I reacted with horror and shock to the video of a police officer murdering George Floyd.
That’s not a phrase anyone should ever have to read, and it certainly shouldn’t be something any eye scans without it being shocking. Yet, after the last week, it’s the easiest sentence I’ve ever penned, which is why this is the hardest post I’ve ever written.
I’m struggling with what, exactly, to say and do. Even writing a post like this poses complex questions and a dilemma that has no clear answers. The truth is that in this exact moment, no one needs to hear what I think or what my reaction is to the events unfolding in the United States. You certainly don’t need to hear me say sincere but easy statements that offer no real solace. And there are many more qualified than I who we all need to be listening to right now, such as the Toronto Star’s Shree Paradkar.
I’ve read comments and statements like my first line hundreds of times in the past few days, as every part of my network expresses a commitment to stand beside, walk with, and take a knee for communities in pain and grief. I see the outpouring of attention and hope that, in this moment, no one feels alone.
However, it’s important to remember that there’s a weight not just to this moment, but also to the next. What happens in the coming weeks and months when attention wanes and Black and other marginalized communities are once again left on their own to fight systemic barriers? I have unshakable faith that, at specific moments, humanity rises to the occasion to support one another. Unfortunately, I also have an equally strong certainty that, when the initial crisis has passed, many won’t stay on for the hard work that comes next.
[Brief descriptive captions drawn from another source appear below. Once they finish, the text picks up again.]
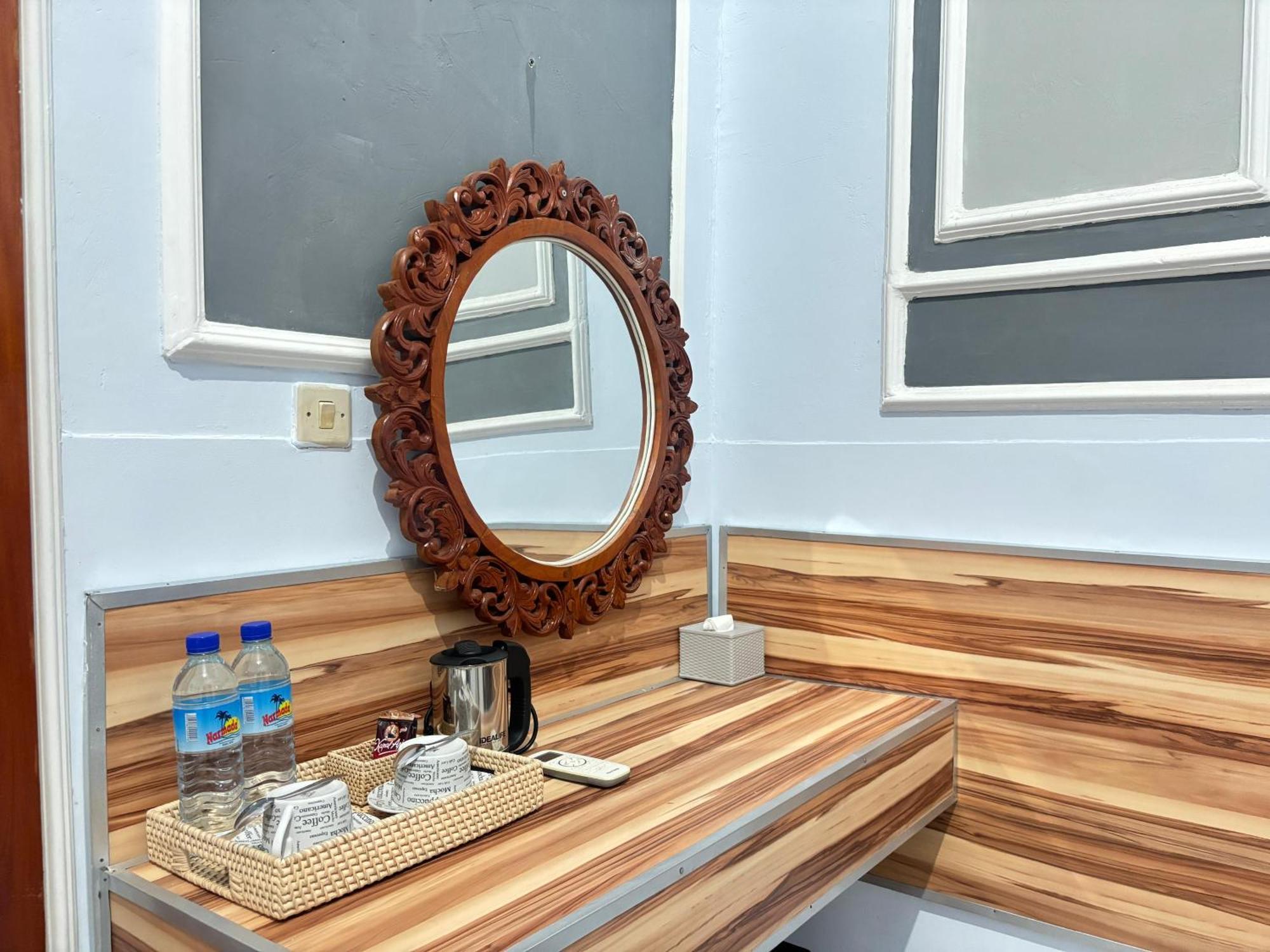 Banera Gili Homestay Τζίλι Τραγουανγκάν Εξωτερικό φωτογραφία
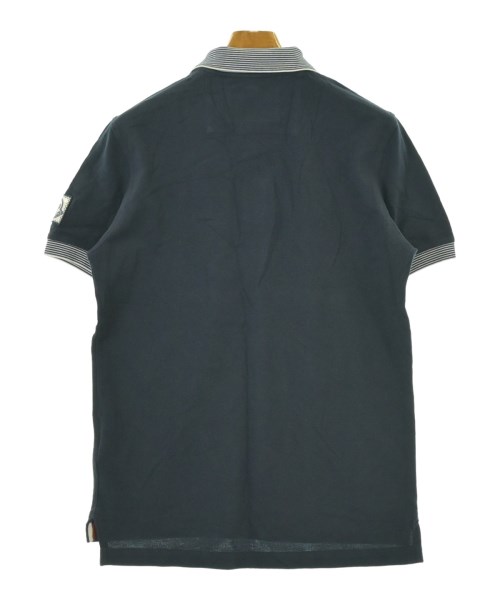 MONCLER GAMME BLEU（モンクレールガムブルー）ポロシャツ 紺 サイズ:M メンズ/2200678975282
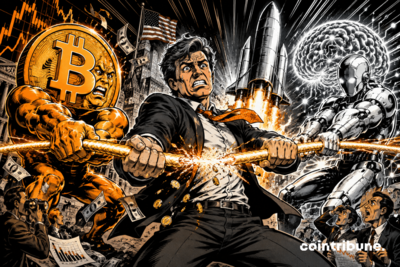 SpaceX, OpenAI, Anthropic: Capital May Flee Bitcoin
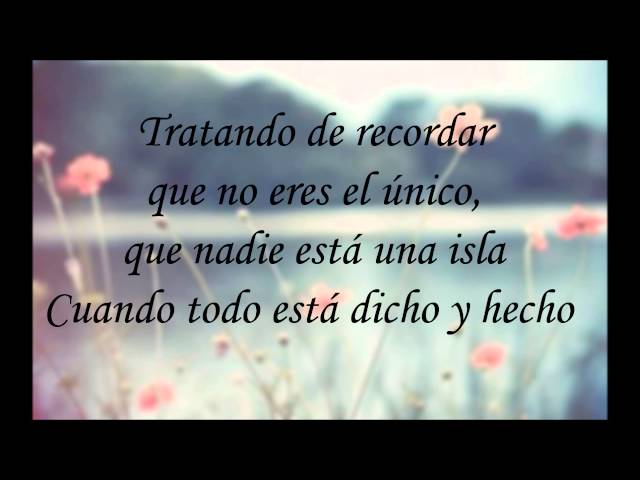 Vídeo relacionado con The Song of the Blackbird: Your Heart Will Lead You Home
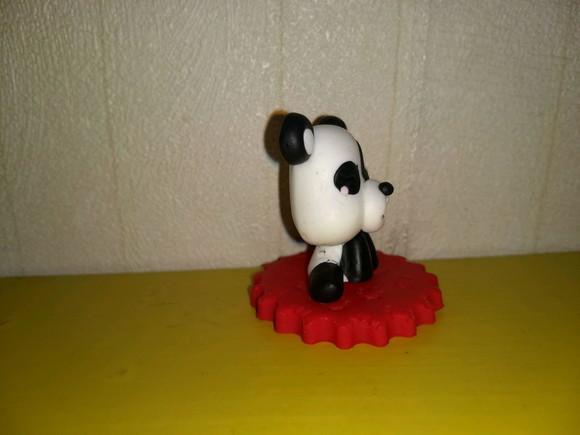 Aplique panda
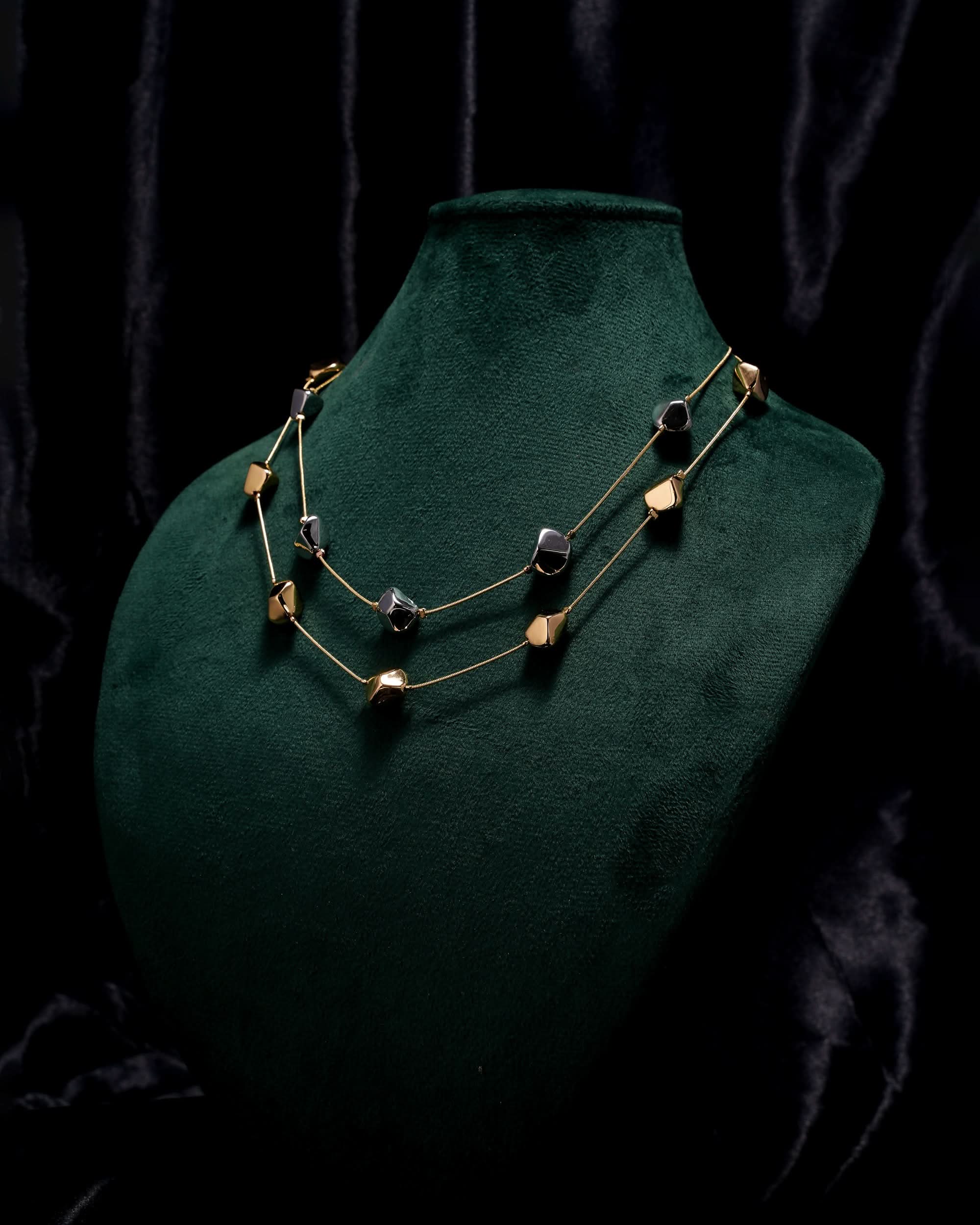 Eminent Girls Fancy Mala, Girls Necklace & Chains, Eminent, Chase Value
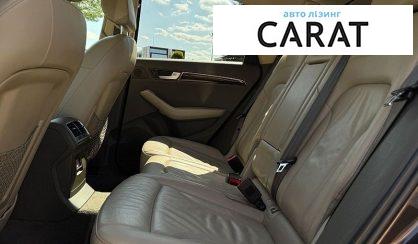 Audi Q5 2010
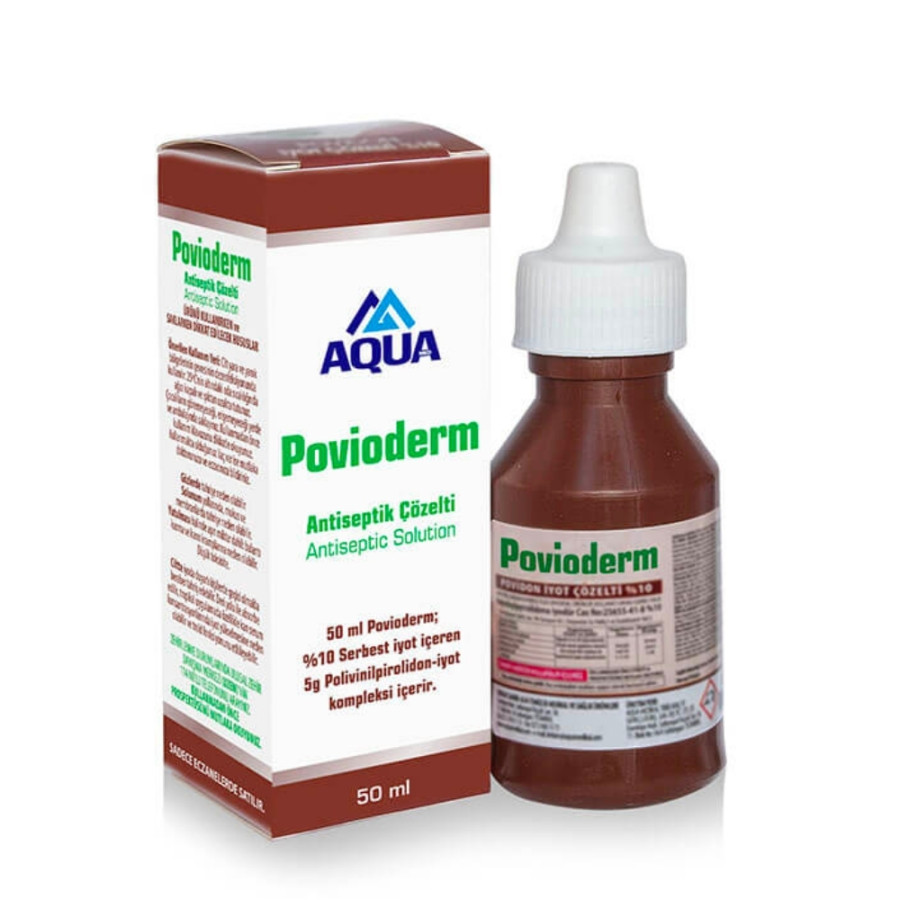 24Med PovioSept™ Surgical Antiseptic Prep (50 ml)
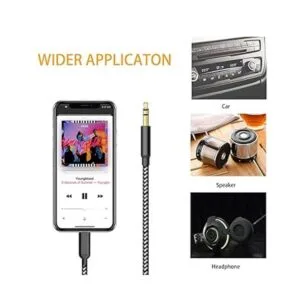 2022 Cable auxiliar de automóvil para iPhone_3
So, in the past week, I’ve stepped back. I’ve written less. I’ve said less. But I worry that this stepping back might be perceived as stepping away. And that’s not true at all.
My friend Rabbi Yael Splansky captured the crux of my dilemma perfectly when she made these remarks at an interfaith vigil in Toronto last Saturday:
“…Dr. King taught us that ‘In the end, we will remember not the words of our enemies, but the silence of our friends’. So here I am. But the truth is silence seems best. There are no words. We are dumbstruck today. But God forbid our silence be misunderstood as indifference. Holocaust survivor and justice activist Elie Weisel famously said: ‘The opposite of love is not hate; it’s indifference. The opposite of art is not ugliness; it’s indifference. The opposite of faith is not heresy; it’s indifference. And the opposite of life is not death; it’s indifference’.”
As a team, Challenge Factory is listening to all the voices who need to be heard and watching for when our colleagues’ strength begins to falter and attention wane. We know this phase is coming and that our action then will be more meaningful than any simple words offered today.
I may be quiet, but I am here. And so is Challenge Factory.